> [Brief] Starting at the line that contains "eshop product detail zoom" and stopping after the line that contains "-千金一碗·宝岛一村(韩国街店)", transcribe the listing below exactly; do not include any pictures.

── Supplied records ──

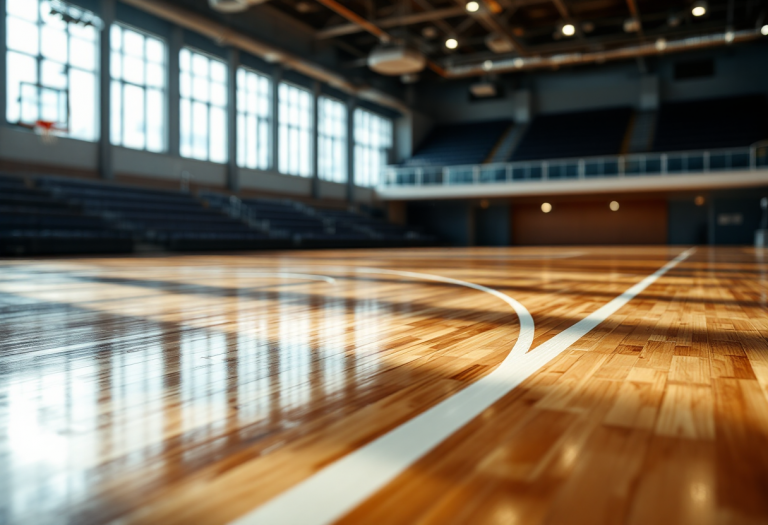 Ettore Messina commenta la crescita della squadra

───
── Supplied records ──

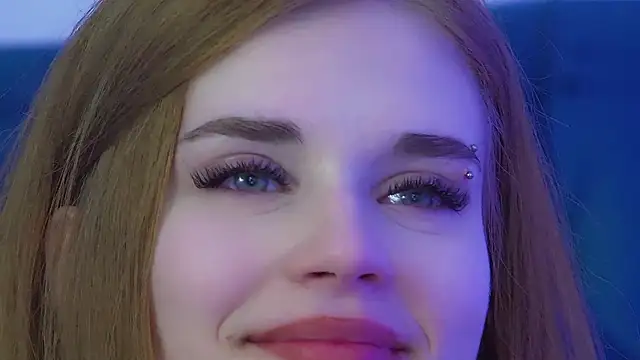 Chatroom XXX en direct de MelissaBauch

───
── Supplied records ──

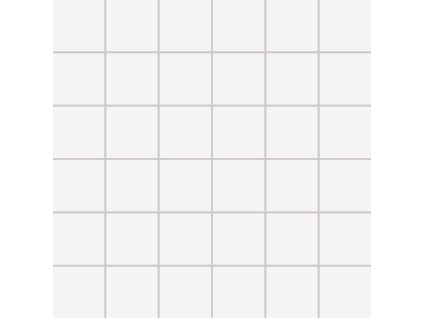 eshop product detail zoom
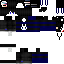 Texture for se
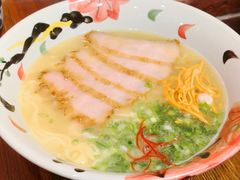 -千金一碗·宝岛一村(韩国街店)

───

> [Task result]
 eshop product detail zoom
 Texture for se
 -千金一碗·宝岛一村(韩国街店)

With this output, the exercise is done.